Désormais, la fusée a passé avec succès ses derniers tests. Après son vol inaugural prévu le 9 juillet, depuis le centre spatial européen de Kourou en Guyane française, elle devrait être exploitée commercialement dès la fin de l'année. "Une trentaine de lancements ont déjà été vendus", précise Renato Krpoun. L'entreprise Amazon veut par exemple lancer des satellites dans l'espace avec la fusée Ariane 6 pour le projet d'internet par satellite "Kuiper". A l'avenir, la fusée devrait être lancée environ neuf fois par an.
>> Lire : Amazon lance ses premiers satellites pour internet depuis l'espace
Besoin d'alternatives
Le prix exact d'un lancement avec Ariane 6 n'est pas connu. Un coût d'environ 67 millions de francs était visé. Avec les retards, il est probable que ce chiffre sera nettement plus élevé.

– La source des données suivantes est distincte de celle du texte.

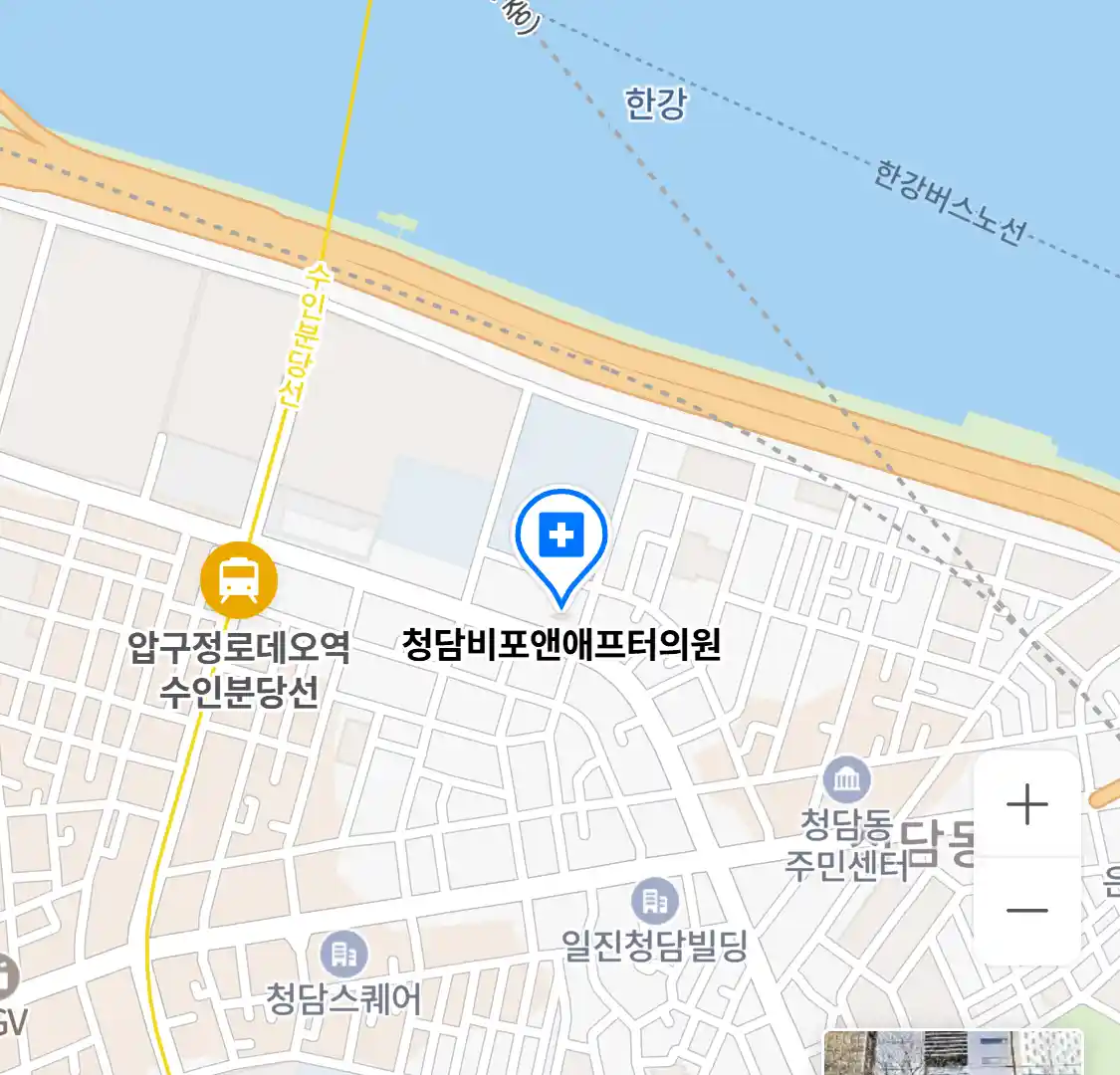 청담비포앤애프터의원 위치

Ariane ne pourra ainsi pas rivaliser avec le prix de base du Falcon 9 qui est d'environ 60 millions de francs. Le fait que de nombreux lancements aient déjà été vendus montre toutefois qu'il existe un besoin d'alternatives à SpaceX, conclut Renato Krpoun.
Ariane 6 est un lanceur polyvalent, avec un étage supérieur réallumable lui permettant de placer plusieurs satellites sur différentes orbites pendant le même vol. La campagne de lancement a démarré en avril à Kourou, où le corps central de la première Ariane 6 a été installé sur le pas de tir ELA4.

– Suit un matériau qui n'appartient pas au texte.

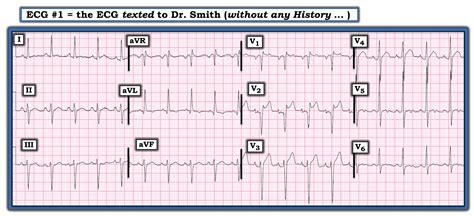 Stemi Ecg Examples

sjaq/vkiss avec les agences
L'industrie suisse impliquée
L'industrie suisse est impliquée dans le lancement d'Ariane 6: ainsi, la coiffe de la charge utile de la fusée provient de l'entreprise suisse Beyond-Gravity, et APCO Technologies, basée à Aigle (VD), a notamment fourni la fixation et la coiffe des boosters.

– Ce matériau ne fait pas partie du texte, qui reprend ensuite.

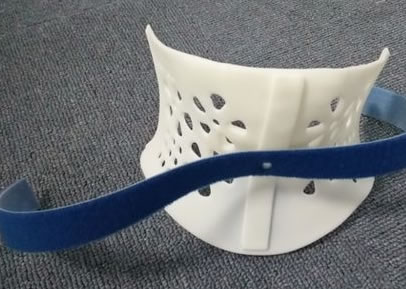 醫(yī)療3D打印機定制矯正器(圖2) 醫(yī)療3D打印機定制矯正器(圖2)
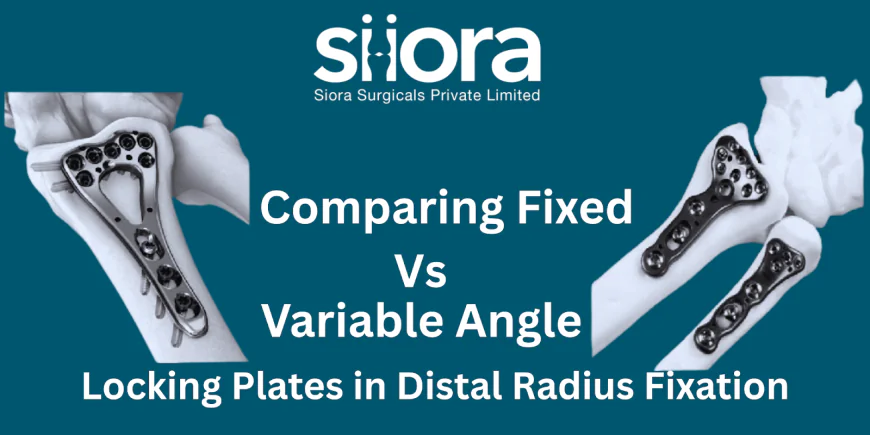 Comparing Fixed vs Variable Angle Locking Plates in Distal Radius Fixation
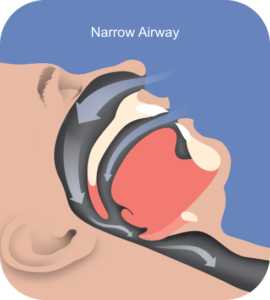 Narrow Airway Snoring Guelph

Le tout doit résister à une poussée de 270 tonnes. Le coût du projet s'est élevé à environ quatre milliards d'euros, dont 2,4% à la charge de la Suisse.
Le nouveau lanceur fait aussi l'objet de critiques: contrairement au Falcon 9 de SpaceX, Ariane 6 n'est pas réutilisable, ce qui signifie qu'il faut fabriquer une nouvelle fusée pour chaque lancement. En outre, on lui reproche d'être trop chère et de ne pas pouvoir rivaliser avec la compétitivité des fusées de SpaceX.